Mozilla/5.0 (Windows; U; Windows NT 5.0; ca-AD; rv:1.7.8) Gecko/20050511 Firefox/1.0.4
Mozilla/4.0 (compatible; MSIE 5.17; Mac_PowerPC)
Mozilla/5.0 (X11; U; Linux i686; en-US; rv:1.3) Gecko/20030313
Opera/8.0 (Windows NT 5.0; U; en)
Mozilla/4.0 (compatible; MSIE 6.0; Windows NT 5.0)
The search engines: Good to know I am being indexed and archived by both the well-known and unknown search engines.
Googlebot/2.1 (+http://www.googlebot.com/bot.html)
msnbot/0.11 (+http://search.msn.com/msnbot.htm)

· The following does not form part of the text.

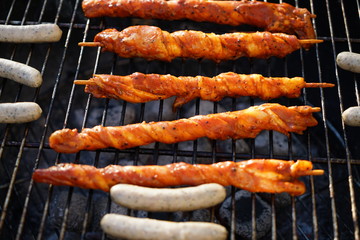Sausages barbecue with a charcoal barbecue in the garden


Overture-WebCrawler/3.8/Fresh (atw-crawler at fast dot no; http://fast.no/support/crawler.asp)
ia_archiver (presumably the Internet Archive)

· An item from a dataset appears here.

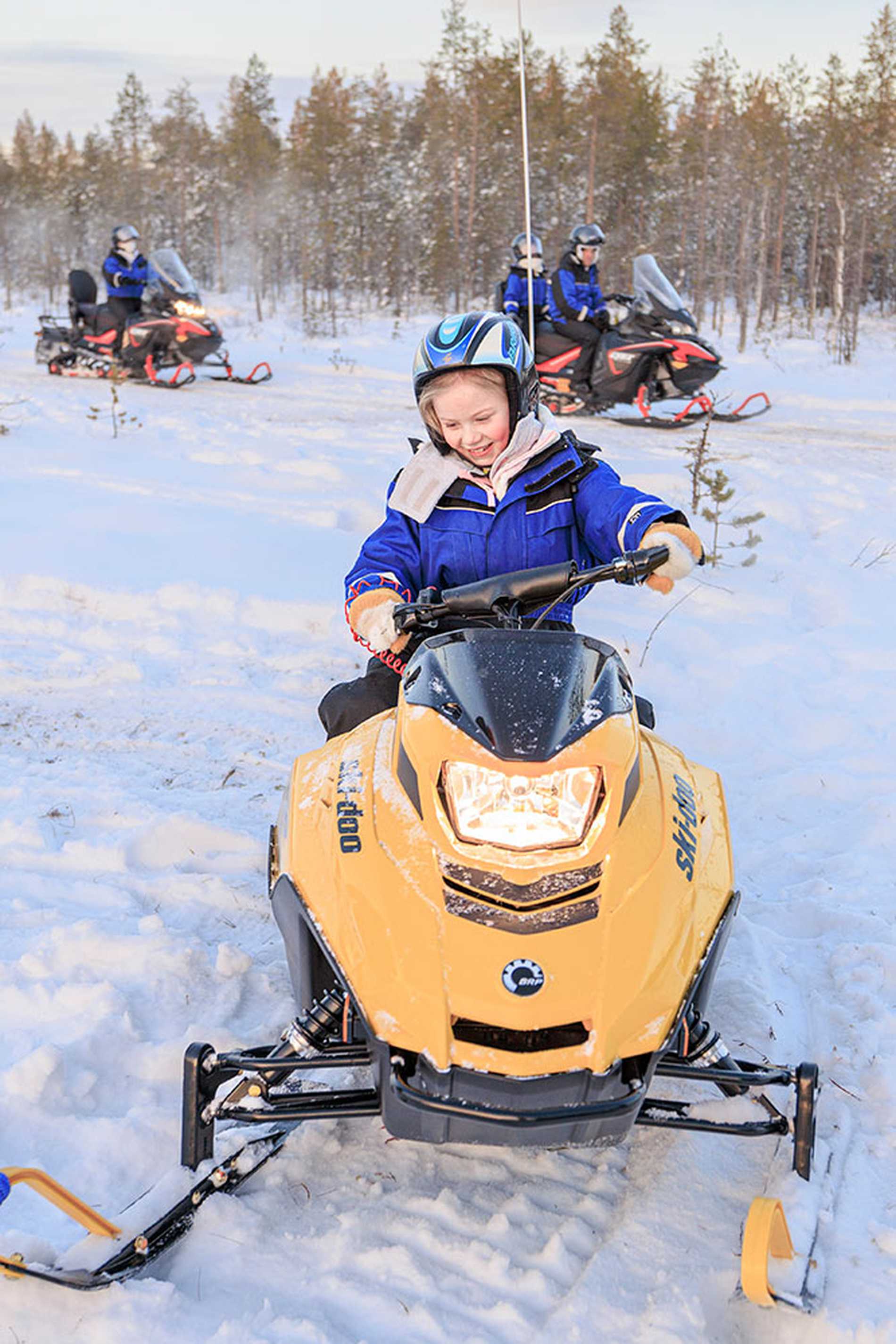 Alice riding a yellow snowmobile during her trip to Lapland.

Mozilla/5.0 (Slurp/cat; slurp@inktomi.com; http://www.inktomi.com/slurp.html)
http://www.almaden.ibm.com/cs/crawler (internal search engine at IBM?)
augurfind V-1.8 beta
Mobile as well: Cool, since I didn't think my site was usable in that form factor.
DoCoMo/1.0/N504i/c10/TB
UPG1 UP/4.0 (compatible; Blazer 1.0)
The surprising:
Lynx/2.8.5rel.1 libwww-FM/2.14 SSL-MM/1.4.1 OpenSSL/0.9.7d
And the totally esoteric ones: I wouldn't even know how to interpret these.
Scooter/3.3
HALO, the magical bot
Under the Rainbow 2.2
Rumours-Agent
No Browser/0.0 (this one clearly wins the award for most useless user agent string)
While, these are undoubtedly fun to look at (once in a while), and perhaps be amused (for some time), the developer in me wants to scream. What a mess! Literally... Is there a user-agent format standard that might bring some sanity? If not, I'd love to go ahead and propose one. I don't know if anything will come out of it. Either way, how about the following:
<device>, <product name & version>, <OS name & version> (extension1[=value1]; extension2[=value2]; ... extensionN)

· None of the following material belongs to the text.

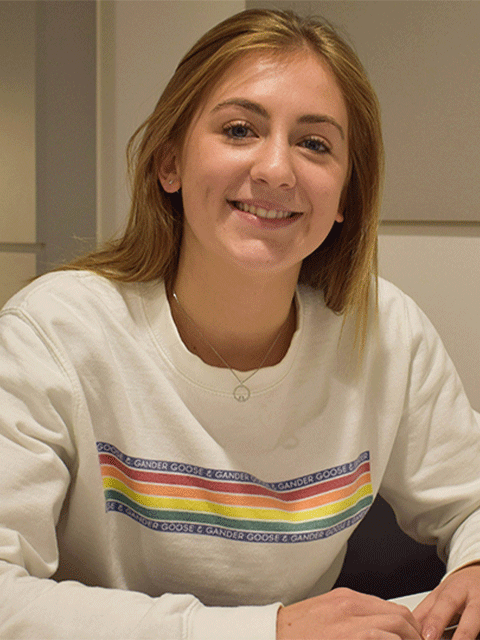 female student smiling in white jumper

Where device could be "Browser", "Indexer", "NewsReader" etc. Does this miss any key piece of information that should be included? I know this post might as well be categorized into the "rant bucket", but seriously, what do people think?
Having a standardized format would only help anyone using these to do something intelligent on the server end. For example, I just hardcoded my .aspx pages as Uplevel, so I don't end up sending an ugly HTML3.2 rendering simply because the user agent string was off the chart. I know having a simpler standard format for this information would have led to much simplification to the browser capabilities detection logic in ASP.NET.
Posted on Friday, 5/27/2005 @ 4:49 PM